Xymon Mailing List Archive search

xymon.com and the mailinglists back online

3 messages in this thread

list Henrik Størner · Mon, 27 Aug 2012 17:19:55 +0200 ·
Hi,

the xymon.com server had a minor disk "hiccup" last Saturday. Unfortunately, this triggered a kernel panic and things went pretty bad after that - eventually causing the whole server to die last Monday Aug. 20th.

Unfortunately, I was 4000 km away - and even though I did manage to get an SSH session opened to the server, all attempts to reboot it remotely just gave me a "Bus error".

My apologies for the inconvenience, it was a classic case of Murphy's Law that everything will go bad, at the worst possible time.

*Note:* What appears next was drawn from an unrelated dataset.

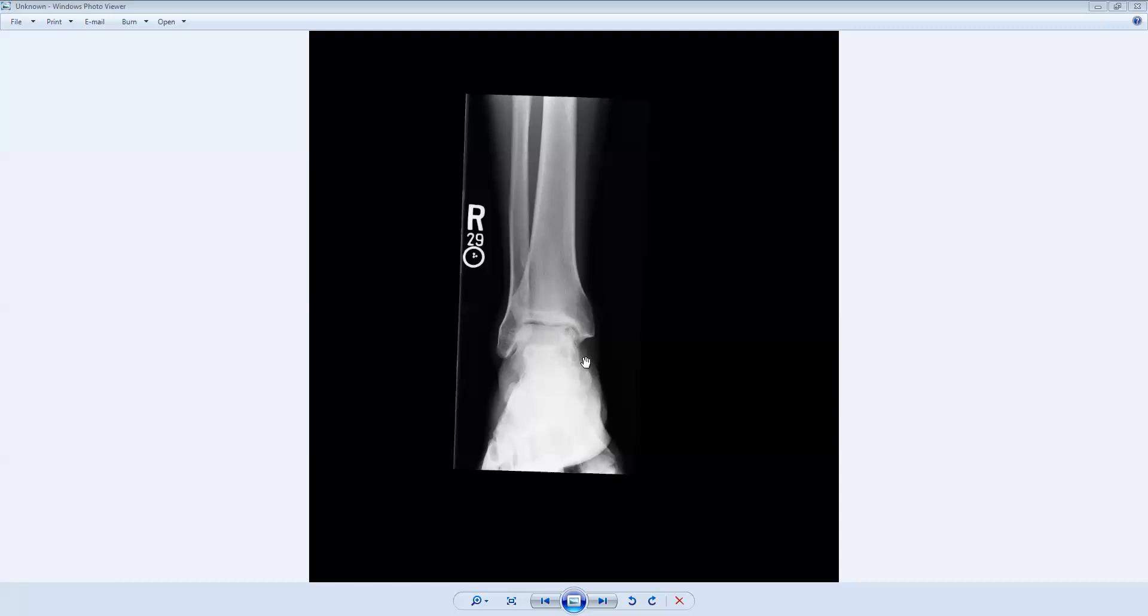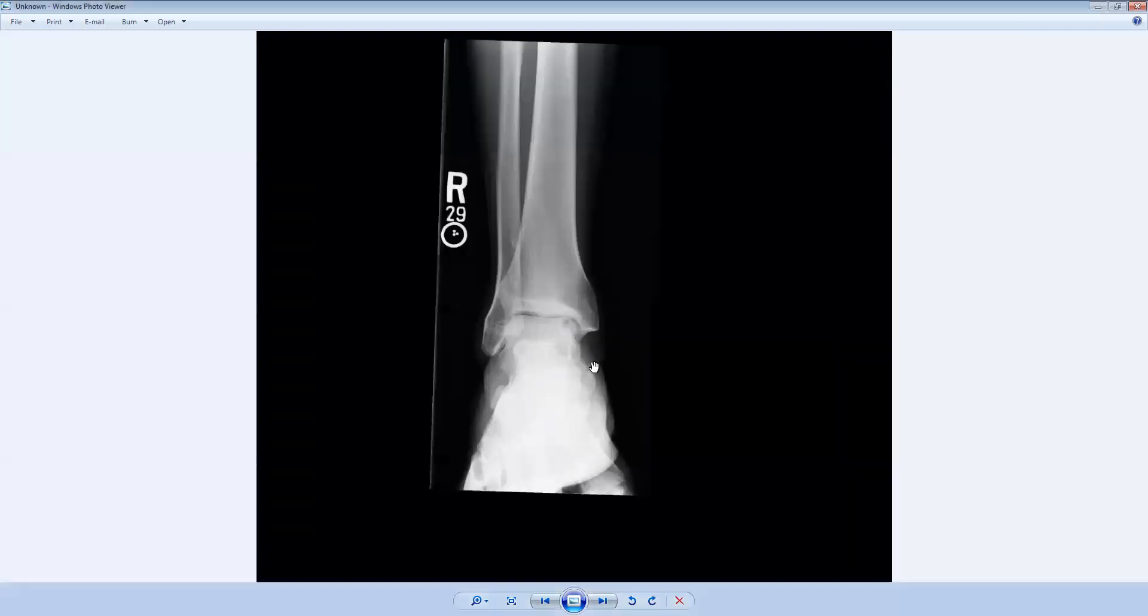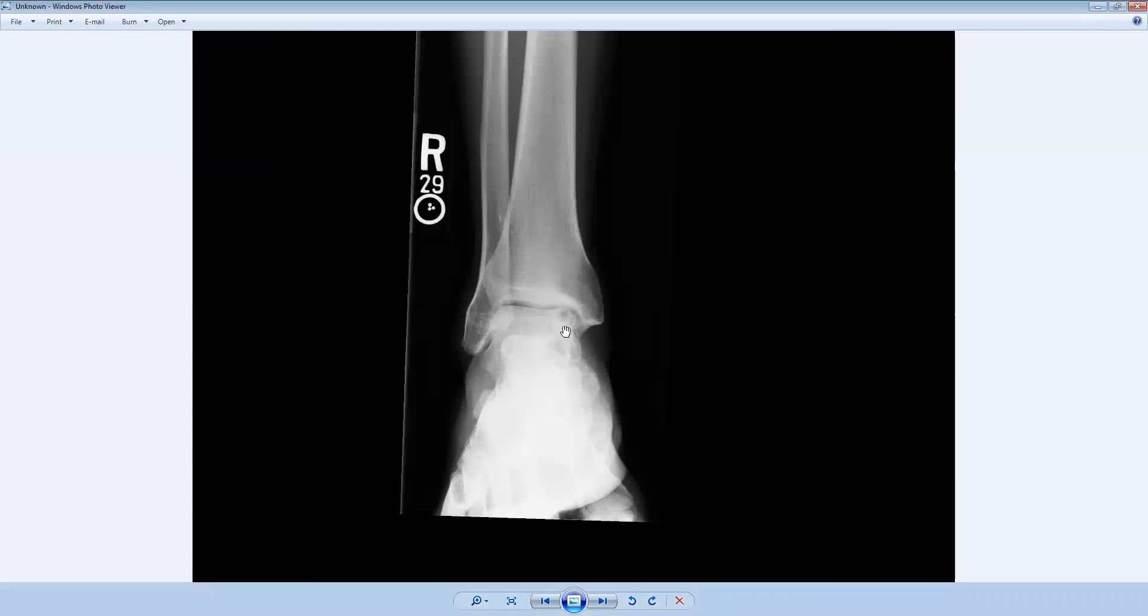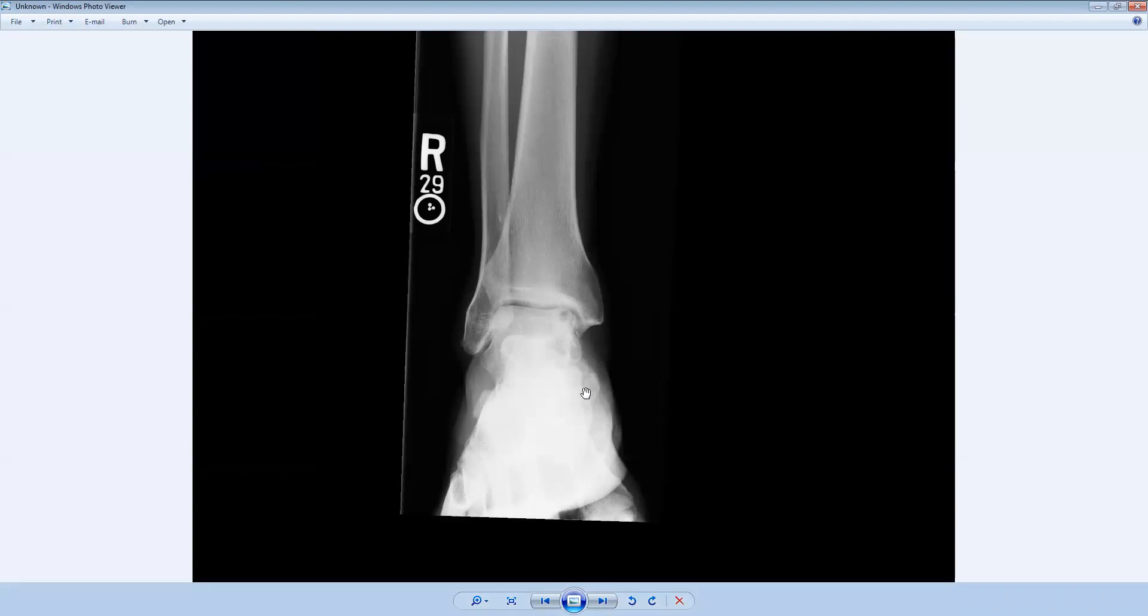But the finding that we do see in this image is this round area of subchondral lucency just under the medial talar dome. If I zoom in a little bit more, we can see more clearly this area of radiolucency along the medial talar dome. So that's the finding in this case.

I expect the mails submitted to the mailing list will show up over the next 24 hours or so, once the various mailservers retry their connection to xymon.com


Regards,
Henrik
list Josh Luthman · Mon, 27 Aug 2012 11:21:32 -0400 ·
Thanks for the notice!

Josh Luthman
Office: XXX-XXX-XXXX
Direct: XXX-XXX-XXXX
XXXX Wayne St
Suite XXXX
Troy, OH XXXXX
quoted from Henrik Størner


On Mon, Aug 27, 2012 at 11:19 AM, Henrik Størner <user-ce4a2c883f75@xymon.invalid> wrote:
Hi,

the xymon.com server had a minor disk "hiccup" last Saturday.
Unfortunately, this triggered a kernel panic and things went pretty bad
after that - eventually causing the whole server to die last Monday Aug.
20th.

Unfortunately, I was 4000 km away - and even though I did manage to get an
SSH session opened to the server, all attempts to reboot it remotely just
gave me a "Bus error".

My apologies for the inconvenience, it was a classic case of Murphy's Law
that everything will go bad, at the worst possible time.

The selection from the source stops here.